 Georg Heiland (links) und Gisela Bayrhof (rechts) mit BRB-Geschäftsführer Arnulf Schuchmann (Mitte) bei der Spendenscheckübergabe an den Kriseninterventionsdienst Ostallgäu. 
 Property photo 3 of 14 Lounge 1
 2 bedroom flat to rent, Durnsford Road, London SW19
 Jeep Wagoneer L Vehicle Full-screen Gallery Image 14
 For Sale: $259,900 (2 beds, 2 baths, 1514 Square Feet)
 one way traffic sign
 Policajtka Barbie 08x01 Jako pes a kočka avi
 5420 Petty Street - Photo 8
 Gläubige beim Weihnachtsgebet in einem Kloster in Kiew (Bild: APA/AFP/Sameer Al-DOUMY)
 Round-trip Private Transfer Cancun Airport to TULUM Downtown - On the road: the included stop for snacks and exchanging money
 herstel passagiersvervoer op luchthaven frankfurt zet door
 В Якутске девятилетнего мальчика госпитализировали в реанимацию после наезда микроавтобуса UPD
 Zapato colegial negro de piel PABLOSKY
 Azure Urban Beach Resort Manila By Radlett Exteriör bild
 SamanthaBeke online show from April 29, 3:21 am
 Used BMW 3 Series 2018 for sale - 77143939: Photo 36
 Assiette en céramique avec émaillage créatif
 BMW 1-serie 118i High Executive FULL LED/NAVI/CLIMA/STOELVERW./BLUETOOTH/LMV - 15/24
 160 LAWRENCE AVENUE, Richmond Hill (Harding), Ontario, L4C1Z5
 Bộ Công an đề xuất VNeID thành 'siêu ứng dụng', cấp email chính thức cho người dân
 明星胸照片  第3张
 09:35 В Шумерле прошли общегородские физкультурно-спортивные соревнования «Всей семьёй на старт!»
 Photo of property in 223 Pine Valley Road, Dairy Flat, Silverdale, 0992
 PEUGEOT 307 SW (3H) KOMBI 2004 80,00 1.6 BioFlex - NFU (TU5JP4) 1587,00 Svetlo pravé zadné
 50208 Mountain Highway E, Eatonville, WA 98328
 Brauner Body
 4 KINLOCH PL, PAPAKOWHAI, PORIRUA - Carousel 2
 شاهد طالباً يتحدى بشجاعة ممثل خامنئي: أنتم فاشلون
* * * * * * *
The entries are to be repeated exactly, with nothing altered.

- _Task response_
 Georg Heiland (links) und Gisela Bayrhof (rechts) mit BRB-Geschäftsführer Arnulf Schuchmann (Mitte) bei der Spendenscheckübergabe an den Kriseninterventionsdienst Ostallgäu. 
 Property photo 3 of 14 Lounge 1
 2 bedroom flat to rent, Durnsford Road, London SW19
 Jeep Wagoneer L Vehicle Full-screen Gallery Image 14
 For Sale: $259,900 (2 beds, 2 baths, 1514 Square Feet)
 one way traffic sign
 Policajtka Barbie 08x01 Jako pes a kočka avi
 5420 Petty Street - Photo 8
 Gläubige beim Weihnachtsgebet in einem Kloster in Kiew (Bild: APA/AFP/Sameer Al-DOUMY)
 Round-trip Private Transfer Cancun Airport to TULUM Downtown - On the road: the included stop for snacks and exchanging money
 herstel passagiersvervoer op luchthaven frankfurt zet door
 В Якутске девятилетнего мальчика госпитализировали в реанимацию после наезда микроавтобуса UPD
 Zapato colegial negro de piel PABLOSKY
 Azure Urban Beach Resort Manila By Radlett Exteriör bild
 SamanthaBeke online show from April 29, 3:21 am
 Used BMW 3 Series 2018 for sale - 77143939: Photo 36
 Assiette en céramique avec émaillage créatif
 BMW 1-serie 118i High Executive FULL LED/NAVI/CLIMA/STOELVERW./BLUETOOTH/LMV - 15/24
 160 LAWRENCE AVENUE, Richmond Hill (Harding), Ontario, L4C1Z5
 Bộ Công an đề xuất VNeID thành 'siêu ứng dụng', cấp email chính thức cho người dân
 明星胸照片  第3张
 09:35 В Шумерле прошли общегородские физкультурно-спортивные соревнования «Всей семьёй на старт!»
 Photo of property in 223 Pine Valley Road, Dairy Flat, Silverdale, 0992
 PEUGEOT 307 SW (3H) KOMBI 2004 80,00 1.6 BioFlex - NFU (TU5JP4) 1587,00 Svetlo pravé zadné
 50208 Mountain Highway E, Eatonville, WA 98328
 Brauner Body
 4 KINLOCH PL, PAPAKOWHAI, PORIRUA - Carousel 2
 شاهد طالباً يتحدى بشجاعة ممثل خامنئي: أنتم فاشلون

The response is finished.